Improving epilepsy care: HBP researchers involved in major clinical trial

    24 October 2018


    In a world’s first, personalized brain modelling is providing the basis for a large-scale clinical trial in epilepsy.  The approach could bring the first breakthrough in decades for drug resistant epilepsy patients undergoing brain surgery.
     

    Press Release 19 October 2018

    In a world’s first, personalized brain modelling is providing the basis for a large-scale clinical trial in epilepsy.  The approach could bring the first breakthrough in decades for drug resistant epilepsy patients undergoing brain surgery.
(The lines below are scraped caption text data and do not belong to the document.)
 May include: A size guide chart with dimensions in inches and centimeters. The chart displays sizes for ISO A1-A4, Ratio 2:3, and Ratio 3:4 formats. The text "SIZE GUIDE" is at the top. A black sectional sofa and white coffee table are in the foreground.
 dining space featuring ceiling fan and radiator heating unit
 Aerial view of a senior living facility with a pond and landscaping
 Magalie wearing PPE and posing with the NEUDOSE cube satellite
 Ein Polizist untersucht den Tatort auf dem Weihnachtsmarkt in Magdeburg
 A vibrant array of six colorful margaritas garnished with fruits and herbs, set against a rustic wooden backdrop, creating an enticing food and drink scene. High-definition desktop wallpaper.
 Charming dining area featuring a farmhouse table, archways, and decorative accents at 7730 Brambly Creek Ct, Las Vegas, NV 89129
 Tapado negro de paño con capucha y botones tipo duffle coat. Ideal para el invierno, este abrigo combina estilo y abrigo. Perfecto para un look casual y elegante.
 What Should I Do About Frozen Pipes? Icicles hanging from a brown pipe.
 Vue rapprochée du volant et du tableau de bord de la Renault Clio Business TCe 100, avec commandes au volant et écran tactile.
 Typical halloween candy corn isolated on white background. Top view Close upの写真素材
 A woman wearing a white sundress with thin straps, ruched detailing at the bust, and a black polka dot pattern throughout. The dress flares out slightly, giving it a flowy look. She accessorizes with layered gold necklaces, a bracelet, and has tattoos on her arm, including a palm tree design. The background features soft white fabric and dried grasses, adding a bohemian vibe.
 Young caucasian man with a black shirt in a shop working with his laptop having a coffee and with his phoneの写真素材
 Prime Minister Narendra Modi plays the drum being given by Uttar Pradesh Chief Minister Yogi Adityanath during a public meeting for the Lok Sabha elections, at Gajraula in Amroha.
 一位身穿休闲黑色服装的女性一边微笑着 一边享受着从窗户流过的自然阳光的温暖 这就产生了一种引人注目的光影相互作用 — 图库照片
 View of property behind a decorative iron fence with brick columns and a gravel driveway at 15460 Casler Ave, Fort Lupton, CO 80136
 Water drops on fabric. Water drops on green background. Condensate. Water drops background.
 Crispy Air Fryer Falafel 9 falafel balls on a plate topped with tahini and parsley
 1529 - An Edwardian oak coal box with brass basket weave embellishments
    The project EPINOV, short for “Improving EPilepsy surgery management and progNOsis using Virtual brain technology”, is testing the use of brain modeling to improve epilepsy care in a large clinical study. The project is based on the brain simulation technology “The Virtual Brain”, that HBP scientist Viktor Jirsa has developed with collaborators. To help clinicians plan surgery strategies, the scientists create personalized brain models of patients and simulate the spread of abnormal activity during epileptic seizures. Two pilot studies showed promising results for the approach. Now, this personalized brain modelling approach is providing the basis for a large-scale clinical trial in 11 French hospitals. A consortium has taken up preparatory work at the beginning of this year, with the clinical testing planned to begin in January 2019.


    Epilepsy affects about one percent of the population and comes with debilitating seizures, caused by waves of synchronized brain activity propagating through the brain. While for many patients these seizures can be controlled by drugs, almost a third of the patients are drug resistant. For them, only surgery remains as an option in which the epileptogenic zone – the area or network from which the seizure activity emerges and then propagates throughout the brain – is removed. 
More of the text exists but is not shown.